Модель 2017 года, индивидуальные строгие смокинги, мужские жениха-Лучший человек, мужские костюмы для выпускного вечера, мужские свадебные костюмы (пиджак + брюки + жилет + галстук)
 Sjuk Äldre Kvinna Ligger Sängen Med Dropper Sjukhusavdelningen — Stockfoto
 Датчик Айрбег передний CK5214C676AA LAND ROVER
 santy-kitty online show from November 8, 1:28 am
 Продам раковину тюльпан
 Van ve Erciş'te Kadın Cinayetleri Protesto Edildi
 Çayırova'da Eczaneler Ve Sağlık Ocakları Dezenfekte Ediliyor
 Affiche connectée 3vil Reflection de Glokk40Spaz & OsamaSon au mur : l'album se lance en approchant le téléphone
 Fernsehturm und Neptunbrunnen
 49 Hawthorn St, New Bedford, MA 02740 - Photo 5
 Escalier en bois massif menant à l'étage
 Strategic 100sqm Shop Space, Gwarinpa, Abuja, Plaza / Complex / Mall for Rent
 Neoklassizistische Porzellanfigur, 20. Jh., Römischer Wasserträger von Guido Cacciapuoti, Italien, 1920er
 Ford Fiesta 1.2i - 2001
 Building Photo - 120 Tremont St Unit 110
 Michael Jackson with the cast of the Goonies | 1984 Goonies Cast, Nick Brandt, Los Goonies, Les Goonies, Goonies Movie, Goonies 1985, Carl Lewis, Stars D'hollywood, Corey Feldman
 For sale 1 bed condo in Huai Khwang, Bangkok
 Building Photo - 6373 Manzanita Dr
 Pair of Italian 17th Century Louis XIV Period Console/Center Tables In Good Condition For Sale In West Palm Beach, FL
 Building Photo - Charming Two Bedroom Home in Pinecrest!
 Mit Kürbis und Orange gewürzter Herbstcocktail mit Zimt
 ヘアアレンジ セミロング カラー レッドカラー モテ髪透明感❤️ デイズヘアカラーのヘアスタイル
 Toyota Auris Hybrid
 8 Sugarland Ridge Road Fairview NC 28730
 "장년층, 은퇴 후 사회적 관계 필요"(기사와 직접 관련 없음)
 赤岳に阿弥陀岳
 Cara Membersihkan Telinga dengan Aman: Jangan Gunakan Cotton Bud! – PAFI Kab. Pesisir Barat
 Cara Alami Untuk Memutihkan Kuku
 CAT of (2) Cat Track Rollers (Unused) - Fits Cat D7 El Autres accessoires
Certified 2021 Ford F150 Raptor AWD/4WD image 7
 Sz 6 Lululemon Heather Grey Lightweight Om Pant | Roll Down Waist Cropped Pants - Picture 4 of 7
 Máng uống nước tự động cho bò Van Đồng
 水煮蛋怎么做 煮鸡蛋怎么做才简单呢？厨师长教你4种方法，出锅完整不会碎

- EXERCISE DETAILS
For the material above, produce a word-for-word copy.

- ANSWER SECTION
Модель 2017 года, индивидуальные строгие смокинги, мужские жениха-Лучший человек, мужские костюмы для выпускного вечера, мужские свадебные костюмы (пиджак + брюки + жилет + галстук)
 Sjuk Äldre Kvinna Ligger Sängen Med Dropper Sjukhusavdelningen — Stockfoto
 Датчик Айрбег передний CK5214C676AA LAND ROVER
 santy-kitty online show from November 8, 1:28 am
 Продам раковину тюльпан
 Van ve Erciş'te Kadın Cinayetleri Protesto Edildi
 Çayırova'da Eczaneler Ve Sağlık Ocakları Dezenfekte Ediliyor
 Affiche connectée 3vil Reflection de Glokk40Spaz & OsamaSon au mur : l'album se lance en approchant le téléphone
 Fernsehturm und Neptunbrunnen
 49 Hawthorn St, New Bedford, MA 02740 - Photo 5
 Escalier en bois massif menant à l'étage
 Strategic 100sqm Shop Space, Gwarinpa, Abuja, Plaza / Complex / Mall for Rent
 Neoklassizistische Porzellanfigur, 20. Jh., Römischer Wasserträger von Guido Cacciapuoti, Italien, 1920er
 Ford Fiesta 1.2i - 2001
 Building Photo - 120 Tremont St Unit 110
 Michael Jackson with the cast of the Goonies | 1984 Goonies Cast, Nick Brandt, Los Goonies, Les Goonies, Goonies Movie, Goonies 1985, Carl Lewis, Stars D'hollywood, Corey Feldman
 For sale 1 bed condo in Huai Khwang, Bangkok
 Building Photo - 6373 Manzanita Dr
 Pair of Italian 17th Century Louis XIV Period Console/Center Tables In Good Condition For Sale In West Palm Beach, FL
 Building Photo - Charming Two Bedroom Home in Pinecrest!
 Mit Kürbis und Orange gewürzter Herbstcocktail mit Zimt
 ヘアアレンジ セミロング カラー レッドカラー モテ髪透明感❤️ デイズヘアカラーのヘアスタイル
 Toyota Auris Hybrid
 8 Sugarland Ridge Road Fairview NC 28730
 "장년층, 은퇴 후 사회적 관계 필요"(기사와 직접 관련 없음)
 赤岳に阿弥陀岳
 Cara Membersihkan Telinga dengan Aman: Jangan Gunakan Cotton Bud! – PAFI Kab. Pesisir Barat
 Cara Alami Untuk Memutihkan Kuku
 CAT of (2) Cat Track Rollers (Unused) - Fits Cat D7 El Autres accessoires
Certified 2021 Ford F150 Raptor AWD/4WD image 7
 Sz 6 Lululemon Heather Grey Lightweight Om Pant | Roll Down Waist Cropped Pants - Picture 4 of 7
 Máng uống nước tự động cho bò Van Đồng
 水煮蛋怎么做 煮鸡蛋怎么做才简单呢？厨师长教你4种方法，出锅完整不会碎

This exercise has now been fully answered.